Bethel School District v. Fraser (1986)
In 1986 the US Supreme Court narrowed the "Tinker standard" when it ruled 7-2 in the case Bethel School District v. Fraser that a school can ban expression it considered to be "lewd, indecent or offensive" whether or not it caused "substantial disruption" in the school.      

Matthew Fraser, a student at Bethel High in Washington State, had delivered a nomination speech for classmate Jeff Kuhlman for a student government office before a voluntary assembly.  The speech contained these sentences: "I know a man who is firm – he's firm in his pants, he's firm in his shirt, his character is firm – but most...of all, his belief in you, the students of Bethel, is firm.  Jess is a man who will go to the very end – even the climax, for each and every one of you."   The next day a school official informed him that he had violated a school rule against "the use of obscene, profane language or gestures" and he was given a three-day suspension.  

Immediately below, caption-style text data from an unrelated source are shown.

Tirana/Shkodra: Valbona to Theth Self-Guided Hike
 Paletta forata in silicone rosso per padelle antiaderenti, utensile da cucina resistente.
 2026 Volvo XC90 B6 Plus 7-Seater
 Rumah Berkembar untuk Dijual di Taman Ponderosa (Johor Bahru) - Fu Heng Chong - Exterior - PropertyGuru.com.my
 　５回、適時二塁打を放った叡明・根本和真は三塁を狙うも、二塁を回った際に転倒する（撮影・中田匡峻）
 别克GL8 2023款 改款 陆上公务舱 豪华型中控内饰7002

He sued in federal court, arguing that the suspension violated his First Amendment rights.  Both the federal district court and US Court of Appeals for the Ninth Circuit agreed with him, stating that his speech did not cause the "substantial disruption" which was part of the "Tinker standard" for protected student speech.  But the US Supreme Court sided with the school district.  "The undoubted freedom to advocate unpopular and controversial views in schools and classrooms must be balanced against the society's countervailing interest in teaching students the boundaries of socially appropriate behavior," Chief Justice Burger wrote.  "The First Amendment does not prevent the school officials from determining that to permit a vulgar and lewd speech...would undermine the school's basic educational mission.  A high school assembly or classroom is no place for a sexually explicit monologue directed towards an unsuspecting audience of teenage students."  Schools therefore could punish students for "lewd, indecent, or offensive" speech.